►

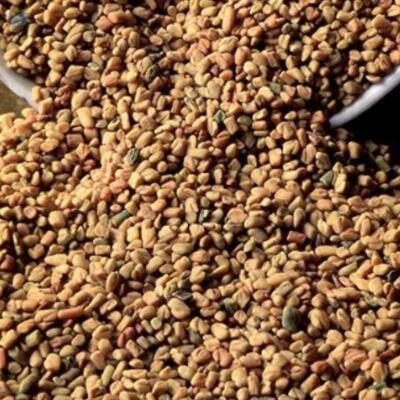 resources of Fenugreek Seeds exporters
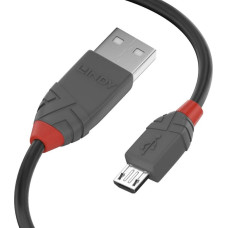 Lindy USB Kabelis LINDY 36734 Melns 3 m (1 gb.)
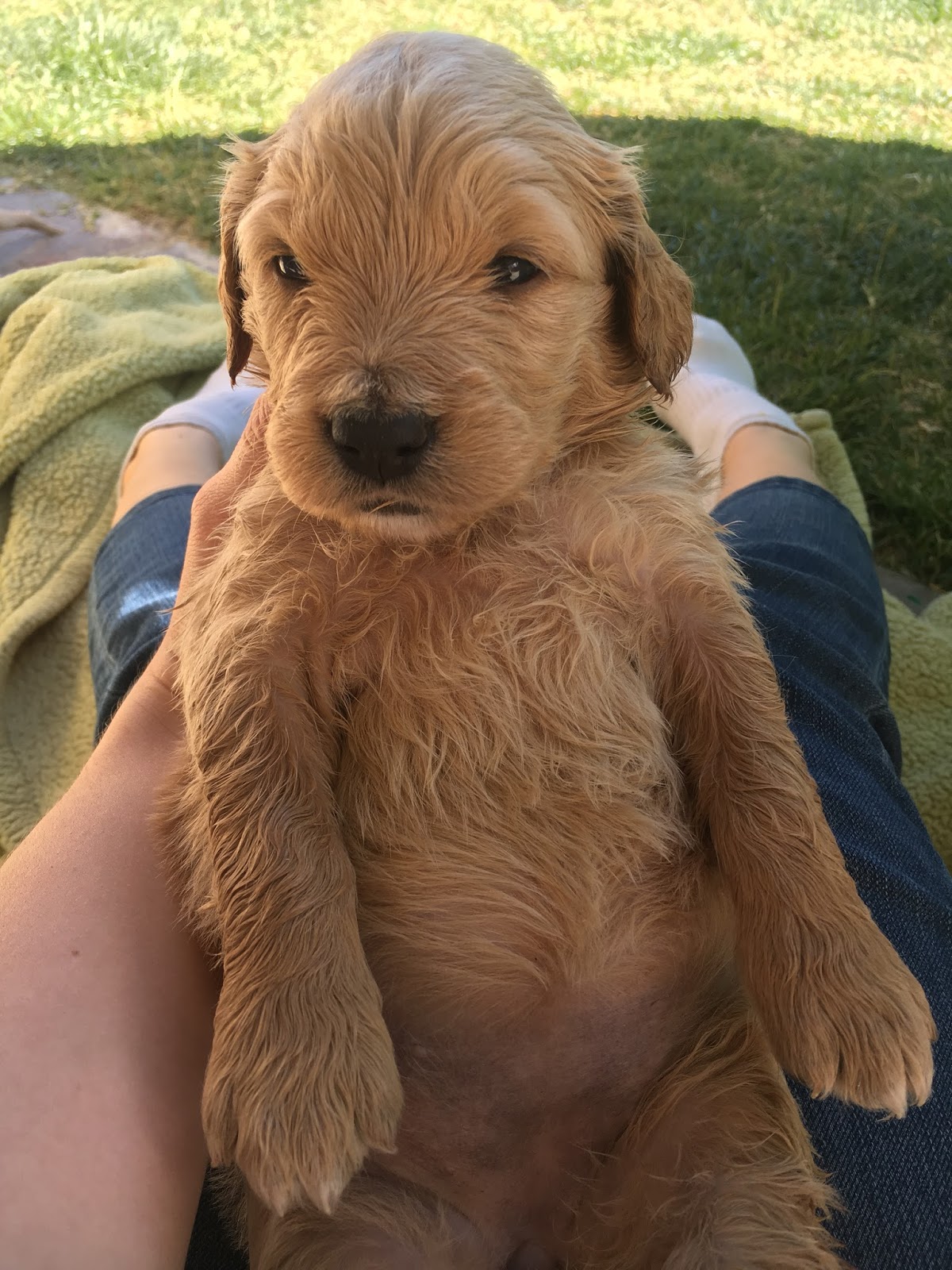 Las Vegas Goldendoodles About Us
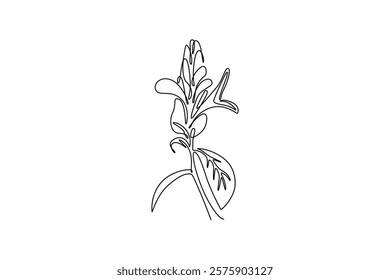 Single one line drawing beauty fresh pachystachys lutea for garden logo. Decorative lollipop plant flower for home decor wall poster art. Modern continuous line draw design graphic vector illustration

◄

* [What needs to be done]:
Print every line of the data exactly. Pictures do not belong in the copy.

* [Solution]:
 resources of Fenugreek Seeds exporters
 Lindy USB Kabelis LINDY 36734 Melns 3 m (1 gb.)
 Las Vegas Goldendoodles About Us
 Single one line drawing beauty fresh pachystachys lutea for garden logo. Decorative lollipop plant flower for home decor wall poster art. Modern continuous line draw design graphic vector illustration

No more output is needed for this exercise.